Nucs · 2019-09-10T13:15:59Z

Please try the following code:
https://pastebin.com/EL9Cv6FQ
It has worked for me for over 10 runs both in Debug and Release.

deadman2000 · 2019-09-10T14:30:04Z

Yes, this sample works fine. But after i replaced cycle to infinity loop, it has crashed after 1 minute in Debug and after 30 seconds in Release

Nucs · 2019-09-10T15:48:09Z

I ran it for over 35 minutes (and still running) without a crash, the while(true) was set on the sess.run scope and not the entire script.
Second run worked for 20 minutes. this time I included the OperationByName calls in the loop and didn't use the VS debugger.

This has lead me to believe it is a game of chance and indeed the program crashed eventually after 10-60 seconds with the following message in Output Window

The program '[22268] dotnet.exe' has exited with code -1073740791 (0xc0000409).

When an error is a simple exit code it indicates that C++ (Tensorflow) has caused the crash.

Code -1073740791 (0xc0000409).
Stack buffer overflow / overrun. Error can indicate a bug in the executed software that causes stack overflow, leading to abnormal termination of the software.

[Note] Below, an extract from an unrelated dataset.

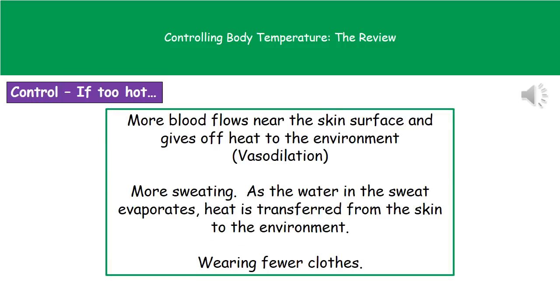If we're too hot, there are a few different things that our body can do to lower that body temperature. The first is that we can make more of our blood flow closer to the surface of the skin, meaning we lose more heat to the environment — this is a process called vasodilation. We can also sweat more, because as that moisture sits on the surface of our skin, heat is transferred from the skin into the water and it will evaporate, taking heat to the environment. A behavioural change we can make is to wear fewer clothes.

Even though we do not call the same Session from different threads.
So it must be something complicated that is worth Tensorflow's team attention.

I'll try to create a memory dump and see if we can indicate more accurately where the problem lies.

Oceania2018 · 2019-09-10T15:53:49Z

@Nucs Should we raise this issue to tensorflow team?

Nucs · 2019-09-10T16:02:27Z

After I'll get my hands on a dump and research it. I'll let you know.

Nucs · 2019-09-10T16:23:35Z

Managed-Only debug indicates the exception is inside Tensorflow.

Unmanaged debug verifies it

Nucs · 2019-09-10T16:28:00Z

@Oceania2018, you can contact the TF team
or if possible to provide me with a tensorflow.dll and .pdb file compiled with DEBUG

Dump file: https://mega.nz/#!VVF3HKrS!r5sxOBsbccdVn93KpwS7EtxWSvtLlim2GwExDF8L9h4

deadman2000 · 2019-09-26T09:17:52Z

Please try with this code in _call_tf_sessionrun:

            var output_values = fetch_list.Select(x => IntPtr.Zero).ToArray();
            var inputs = feed_dict.Select(f => f.Key).ToArray();
            var input_values = feed_dict.Select(f => (IntPtr)f.Value).ToArray();
            var target_opers = target_list.Select(f => (IntPtr)f).ToArray();

            c_api.TF_SessionRun(_handle,
                run_options: null,
                inputs: inputs,
                input_values: input_values,
                ninputs: feed_dict.Length,
                outputs: fetch_list,
                output_values: output_values,
                noutputs: fetch_list.Length,
                target_opers: target_opers,
                ntargets: target_list.Count,
                run_metadata: IntPtr.Zero,
                status: status);

tompetk · 2020-04-05T23:25:53Z

Any update/thoughts on this one?

I see the latest suggestion by @deadman2000 is already in the master, but I still reproduce this issue.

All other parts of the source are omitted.